Multi-channel retailing is a marketing strategy that offers customers a variety of ways to buy a company's products. In this sense, a multi-channel strategy may cover purchases from brick-and-mortar stores, websites, company-owned stores, or individually owned-and-operated stores, It could also extend to telephone orders, mail orders, interactive television ads, catalogue orders, comparison shopping sites, and other outlets.
Ultimately, more channels will hopefully reach more customers, with the final goal of a multi-channel strategy being to grow and maximise revenues and loyalty by increasing customers' options and convenience.

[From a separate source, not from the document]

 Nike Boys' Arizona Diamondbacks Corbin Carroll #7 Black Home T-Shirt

However, implementing such a strategy is challenging in several respects, including :
- Consumer experience: a successful multi-channel strategy offers customers a consistent quality of experience whichever channel they use. Therefore the marketing strategy has to be in line with the concept of the brand but tailored to each of its distribution channels. In terms of e-commerce, that means that the brand owner has to plan his web presence and decide which image he wants to give to the customers. That also means that in a distribution network that includes resellers, specific standards have to be imposed to those resellers by way of a contract to obtain their commitment and hold them accountable. It is increasingly possible to craft contracts using automated software. For more complex contractual relationships, a so-called "smart contract" may not suffice. However, its structure can be an excellent baseline for retailers who need to consider several contingencies in their agreement.

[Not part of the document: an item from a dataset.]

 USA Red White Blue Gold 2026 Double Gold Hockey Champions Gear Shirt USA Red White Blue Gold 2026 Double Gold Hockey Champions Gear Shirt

- Integration: companies who develop a multi-channel strategy have to find the right technology to integrate the production, distribution, and marketing aspects of their development, especially if they set up an online sales platform. The technology brings immense benefits: it will help manage the entire supply chain management, it will align production with sales potential, taking into account future marketing campaigns, it will help collect and treat data and it will allow efficient customer relationship management. That last part can, in turn, help predict potential production and logistical needs. All these aspects are interrelated and mus be integrated using good technology as well as good partners and good contracts. Taking care to use adapted wording to implement this technology is essential. For example, Osborne Clarke Solutions offers the DPIA tool (Data Protection Impact Assessment) that allows business to gather intel on their risk of non-compliance with GDPR. For retailers who rely on storing customer data, such as purchase history, browsing preferences and purchase details, such tools are essential for streamlining the legal workload.
For most companies, multi-channel distribution management is an ongoing process towards building efficiencies that make it easier for consumers to find, purchase, and receive products and for companies to reduce costs and reach as many consumers as possible.

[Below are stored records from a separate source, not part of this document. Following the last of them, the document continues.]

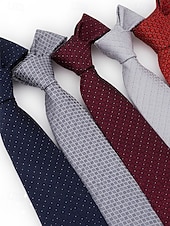 abordables Boda ACC-Corbata de poliéster para hombre, con diseño de cuadrícula pequeña, varios colores, largo ajustable, adecuada para bodas, negocios y viajes diarios.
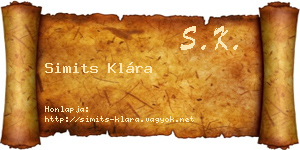 Simits Klára névjegykártya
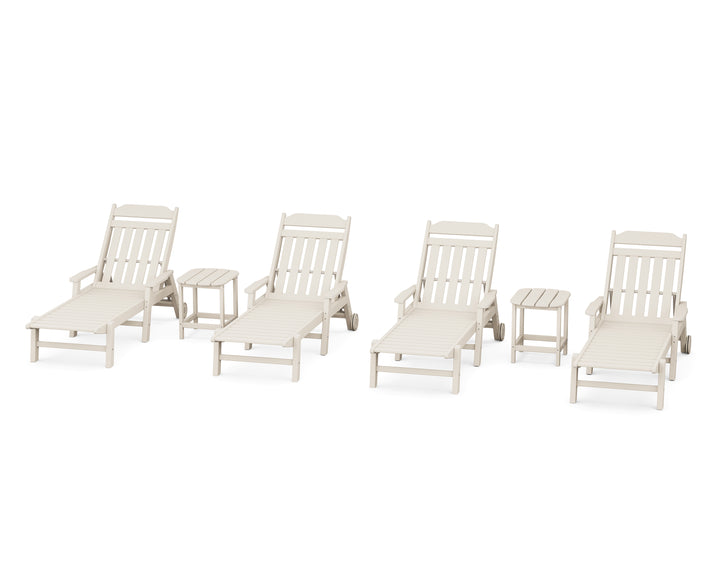 Country Living Cottage 6-Piece Chaise Set with Arms and Wheels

In order to reach the full potential of a multi-channel/e-commerce strategy, our legal team recommends considering how you can balance the need to grow and the benefits from technological advances with sound risk management. This means, in particular, that the relationships between the various players involved in the success of the strategy must be framed in well-drafted, well-balanced contracts that are adapted to the new realities, making it possible to anticipate difficulties and resolve them at each stage of the process. Take advantage of well-designed digital tools to augment your business now so that you don't have to rely on expensive litigation down the road because of problems of non-compliance or insufficient contracts.